U.S. schools have emerged as a key political battleground.
Numerous fights are being waged coast-to-coast, as conservatives and progressives battle over controversial lessons and policies, including the teaching of critical race theory, and drag queen performances at schools, often without parental consent or knowledge.
One of the key ways many have sought to redress the indoctrination of students into ideas and concepts inconsistent with the basic goals of the education system — reading, writing, arithmetic — is to take over local school boards, which often have a great deal of influence on policy and curriculum.
This year is primed to be ripe for competition, as thousands of school board seats are up for re-election in more than half the states in the U.S.
Over 24,000 school board seats in 35 states are up for election in 2023, according to information released by Ballotpedia.

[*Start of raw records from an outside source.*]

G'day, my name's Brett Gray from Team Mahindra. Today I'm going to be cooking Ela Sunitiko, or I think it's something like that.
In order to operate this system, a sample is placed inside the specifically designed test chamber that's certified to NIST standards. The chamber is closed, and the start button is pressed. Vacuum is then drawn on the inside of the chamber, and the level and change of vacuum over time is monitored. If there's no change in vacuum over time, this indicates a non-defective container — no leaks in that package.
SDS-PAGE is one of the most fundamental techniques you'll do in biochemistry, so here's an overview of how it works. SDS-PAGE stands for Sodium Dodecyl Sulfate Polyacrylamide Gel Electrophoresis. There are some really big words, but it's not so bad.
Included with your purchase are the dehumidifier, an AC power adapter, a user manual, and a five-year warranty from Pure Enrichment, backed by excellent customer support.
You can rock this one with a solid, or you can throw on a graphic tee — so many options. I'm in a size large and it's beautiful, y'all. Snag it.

“The approximately 24,100 seats represent 36 percent of the 66,831 total school board seats in the 35 states holding elections in 2023,” Ballotpedia says. “Most districts have half or one-third of seats up for election in 2023, and others have a quarter or one-fifth of seats up.”
In 25 states, more than 90 percent of school districts will hold regular school board elections.

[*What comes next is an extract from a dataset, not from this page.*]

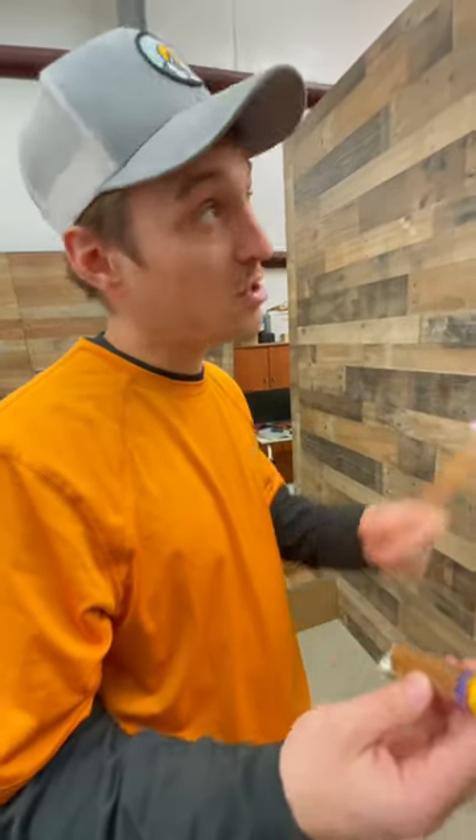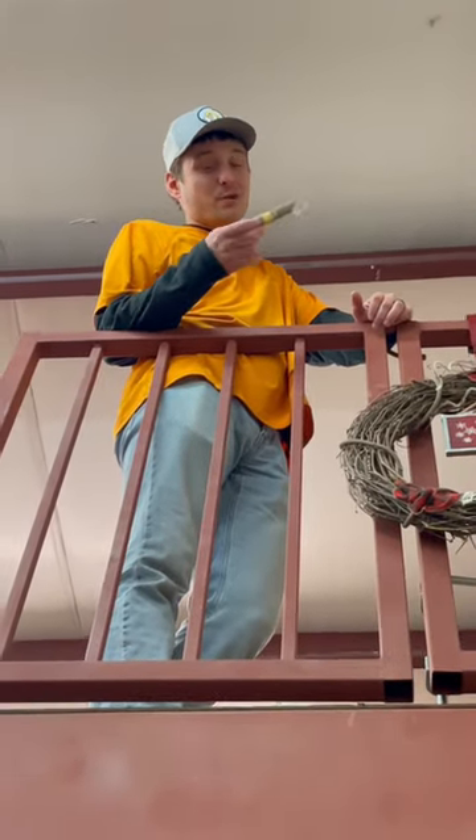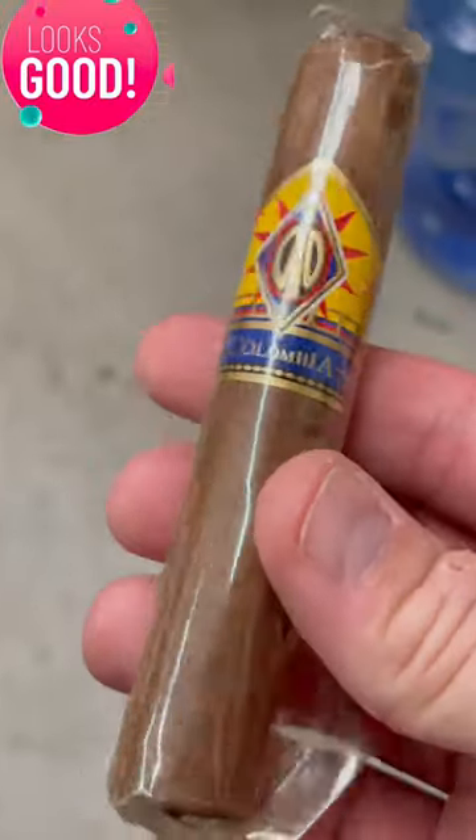It'll protect it from damage when it's dropped — probably not from this high, but we'll see. We just dropped it with cellophane and it looks good. Now we're going to do it without the cellophane and see what kind of damage we get.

As Ballotpedia notes, across the U.S., school board elections are held on one of three schedules: annually, every two years during odd-numbered years, or a combination of districts with annual or odd-year elections and districts with even-year elections.

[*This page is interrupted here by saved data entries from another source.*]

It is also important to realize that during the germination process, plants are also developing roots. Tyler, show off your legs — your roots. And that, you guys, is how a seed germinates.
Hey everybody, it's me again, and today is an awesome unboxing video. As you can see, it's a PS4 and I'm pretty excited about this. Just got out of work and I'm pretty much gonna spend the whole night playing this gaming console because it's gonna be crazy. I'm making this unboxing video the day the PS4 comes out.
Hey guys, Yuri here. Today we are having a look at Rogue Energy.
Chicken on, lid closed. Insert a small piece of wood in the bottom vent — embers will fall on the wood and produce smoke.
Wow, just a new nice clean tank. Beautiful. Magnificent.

“Most districts have half or one-third of seats up for election in 2023, and others have a quarter or one-fifth of seats up,” Ballotpedia adds.
Data provided by the organization shows that since 2018, the number of school board seats held by incumbents has seen a decline, indicating that efforts by parents to disrupt the status quo and wedge their way into these positions may be working.
Education is a top issue for candidates headed into the 2024 election cycle, with numerous states and congressional officials proposing parental rights bills that would give parents more control of what children are being taught in schools.